Task
Line by line, set down all the data below exactly, omitting any picture.

Input data

_ _ _ _ _

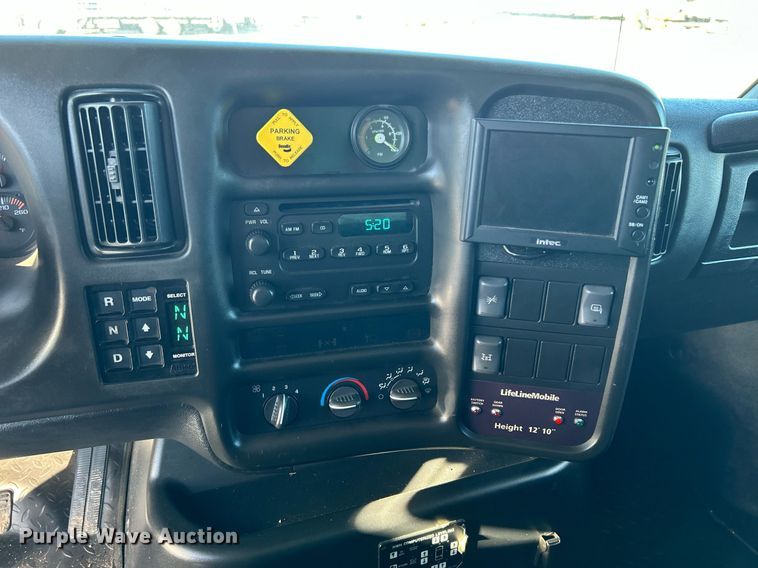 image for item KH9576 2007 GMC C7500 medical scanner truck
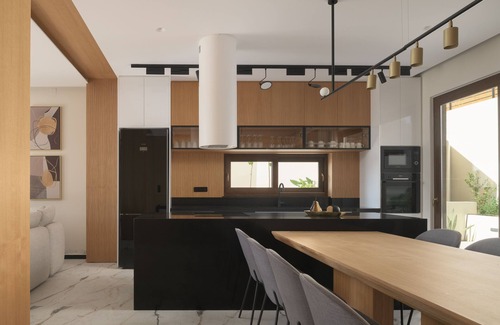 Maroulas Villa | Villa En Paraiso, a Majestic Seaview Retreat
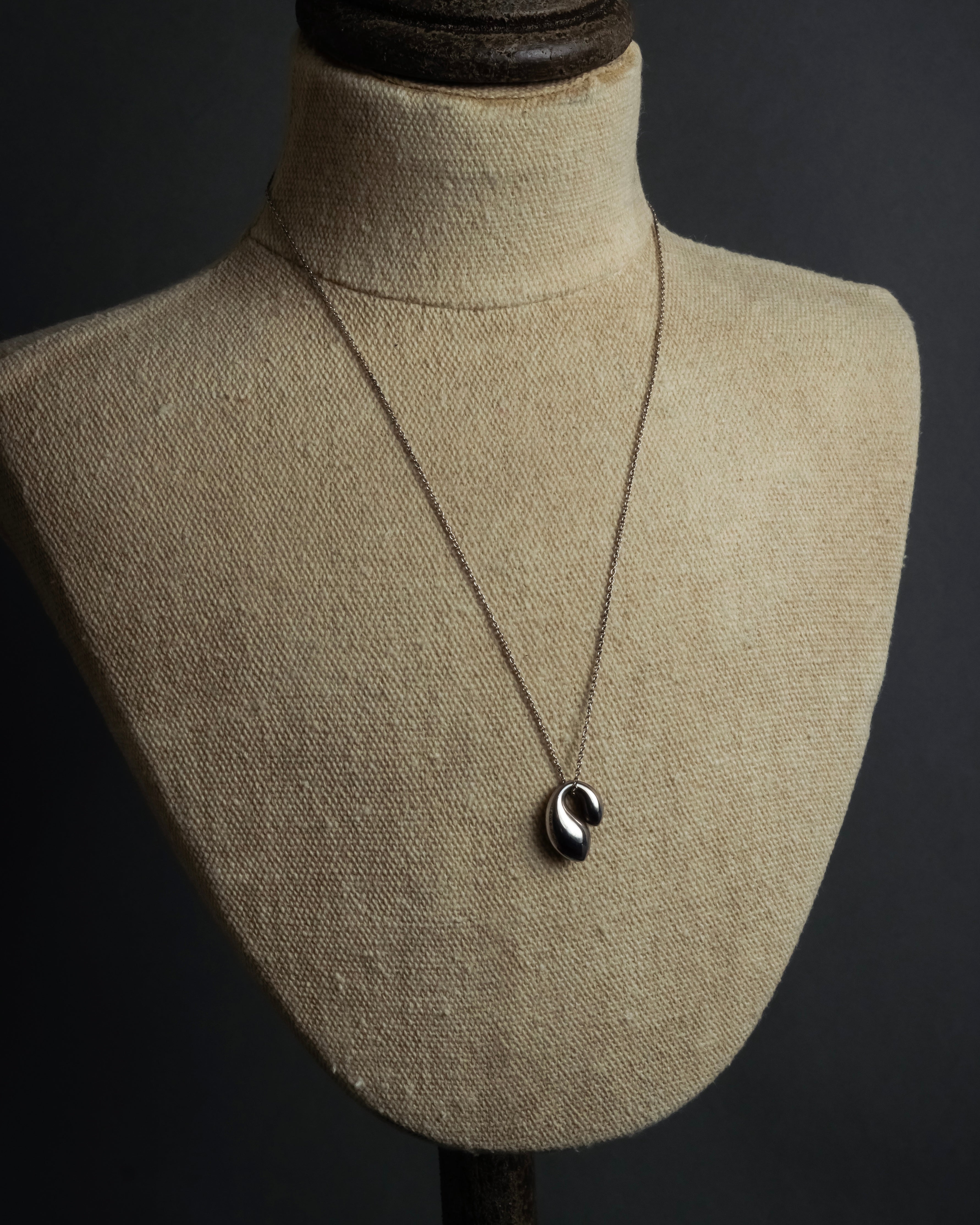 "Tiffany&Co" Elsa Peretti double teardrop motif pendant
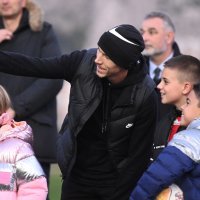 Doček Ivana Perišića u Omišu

_ _ _ _ _

Exercise response
 image for item KH9576 2007 GMC C7500 medical scanner truck
 Maroulas Villa | Villa En Paraiso, a Majestic Seaview Retreat
 "Tiffany&Co" Elsa Peretti double teardrop motif pendant
 Doček Ivana Perišića u Omišu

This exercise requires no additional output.